Posted on 12/10/12 at 10:21 pm to Kingpenm3
Favorite gumbo combo evar!
And I'd freeze gumbo. Easier to eat later
And I'd freeze gumbo. Easier to eat later
Posted on 12/10/12 at 10:27 pm to Kingpenm3
quote:I don't believe you. Send some to me and I'll tell you what I think.
I now think that I make the world's best "Smoked Wood Duck and Andouille Gumbo".
Posted on 12/10/12 at 10:39 pm to Kingpenm3
That's good looking gumbo. Looks like you quarter you andouille. If so, I applaud you.
Gumbo freezes great. I have about 15 quarts in the freezer right now and I'm about to add another 15 or so that I finished last night. I give it for Christmas.
Gumbo freezes great. I have about 15 quarts in the freezer right now and I'm about to add another 15 or so that I finished last night. I give it for Christmas.
Posted on 12/10/12 at 10:43 pm to Kingpenm3
Gumbo freezes very well
Posted on 12/10/12 at 10:47 pm to Gris Gris
quote:
That's good looking gumbo. Looks like you quarter you andouille. If so, I applaud you.
Thank you. I know I'm biased, but this is some of the best gumbo I've ever eaten in my life. First time my roux turned out just the way I wanted.
For years I used to put huge hunks of sausage in my jambalaya and gumbo. I always cut links 1/4" thick at a 45 degree angle because I thought it looked good. Finally I realized that for every reason it was better to get those sausage pieces smaller. So now I quarter all my links before I slice.
Posted on 12/10/12 at 10:56 pm to Kingpenm3
quote:
I know I'm biased, but this is some of the best gumbo I've ever eaten in my life. First time my roux turned out just the way I wanted.
Your roux looks absolutely perfect. My aunt Missy makes the best gumbo I've ever had, and your roux looks exactly like hers. Just thick enough, but not too thick to where it's like a stew.

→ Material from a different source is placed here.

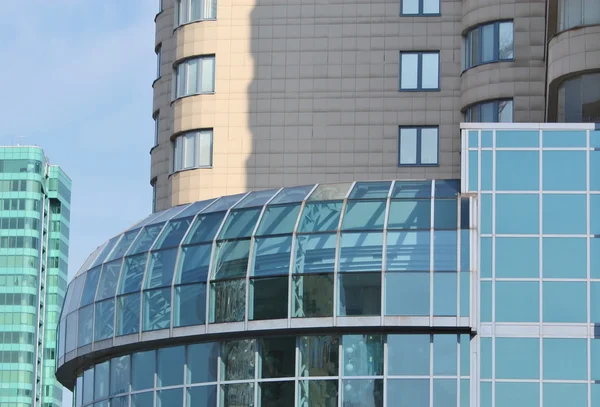 Modern gebouw met blauwe glazen wand — Stockfoto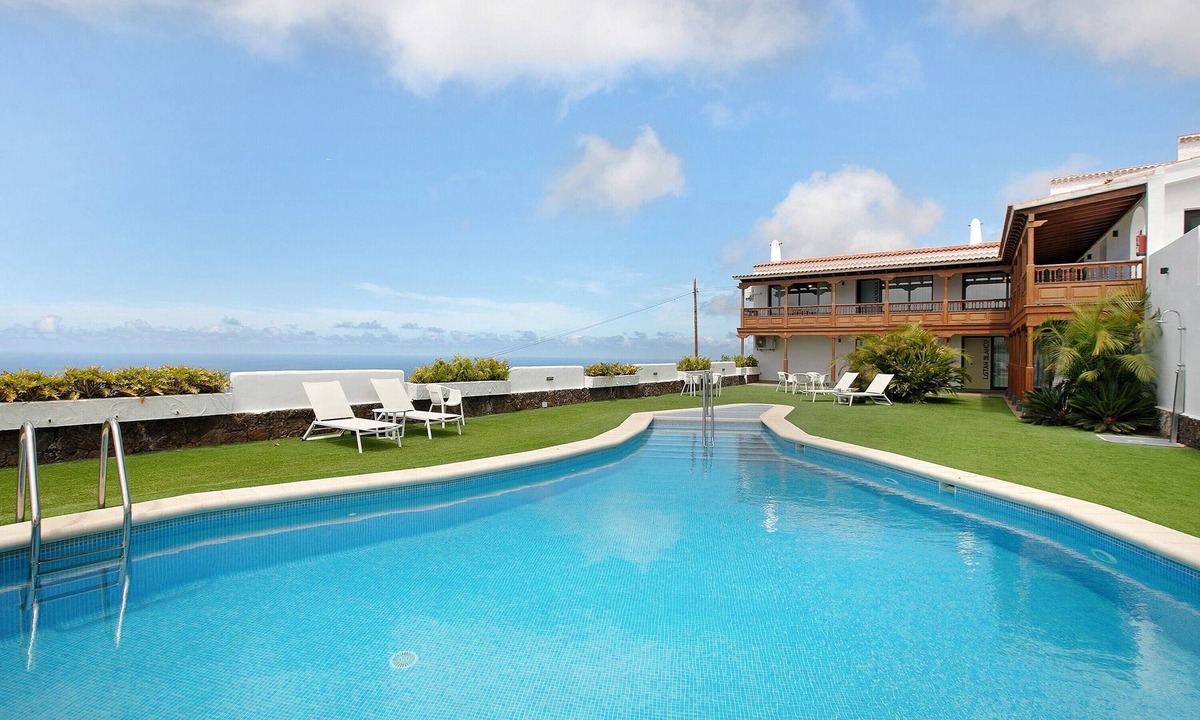 Sauzal House | Vacation Home 'Linaje del Pago Listán Blanco' with Sea View, Pool & Wi-Fi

Posted on 12/10/12 at 11:11 pm to Carson123987
quote:
Your roux looks absolutely perfect. My aunt Missy makes the best gumbo I've ever had, and your roux looks exactly like hers. Just thick enough, but not too thick to where it's like a stew.
I agree. I hate gumbo that is too thin, but I'm the first to complain about a gravy like gumbo. I did the roux just like the recipe called with 1.25 cup flour/ 1 cup vegetable oil. I did it in a cast iron skillet. I took it to a caramel color, but not to chocolate. But this time I had my meats/vegetables already boiling in a big pot, and I just poured the roux into the boiling water as soon as I liked the color. I've never seen it done like that, but the last time I tried to cool the roux in the cast iron skillet with vegetables and water it kept cooking with the heat of the cast iron and got too done.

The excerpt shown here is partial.